Data section:

◆ ◆ ◆ ◆ ◆ ◆ ◆

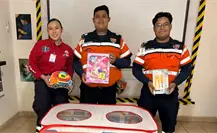 Cómo ayudar al Juguetón de ASAMP en BCS: fechas, metas y centros de acopio Cómo ayudar al Juguetón de ASAMP en BCS: fechas, metas y centros de acopio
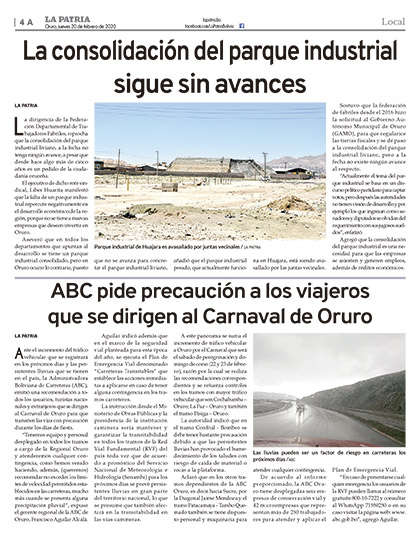 Portada Principal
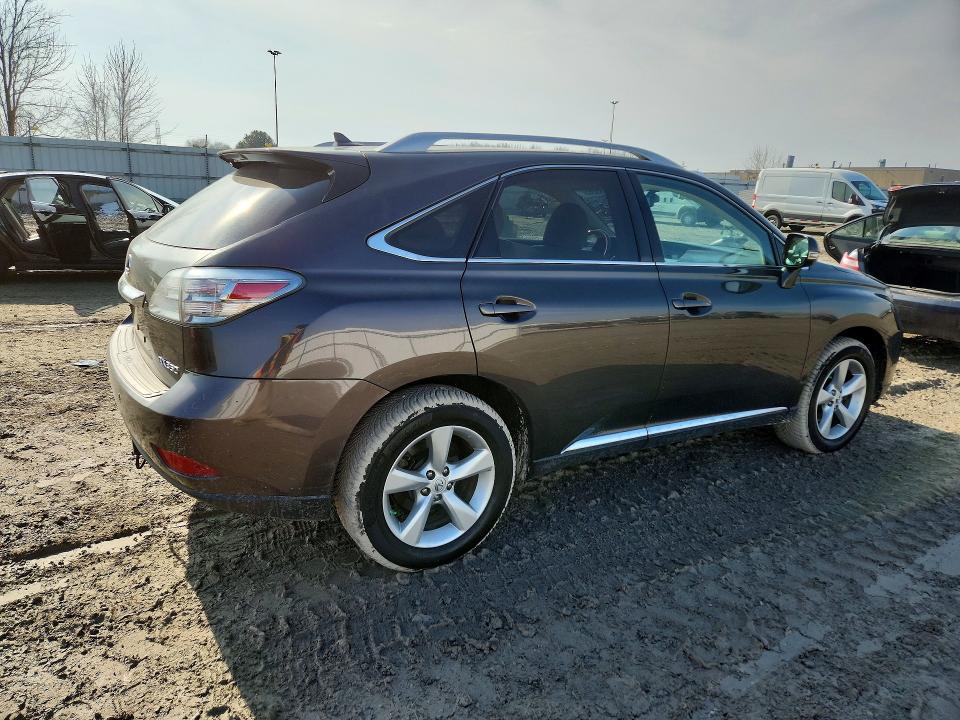 77495265 :رقم المزاد ، 2T2BK1BAXAC041110 vin ، 2010 Lexus Rx 350 مزاد بيع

◆ ◆ ◆ ◆ ◆ ◆ ◆

Work to be completed:
Return each line above word for word. Skip the pictures.

Expected answer:
 Cómo ayudar al Juguetón de ASAMP en BCS: fechas, metas y centros de acopio Cómo ayudar al Juguetón de ASAMP en BCS: fechas, metas y centros de acopio
 Portada Principal
 77495265 :رقم المزاد ، 2T2BK1BAXAC041110 vin ، 2010 Lexus Rx 350 مزاد بيع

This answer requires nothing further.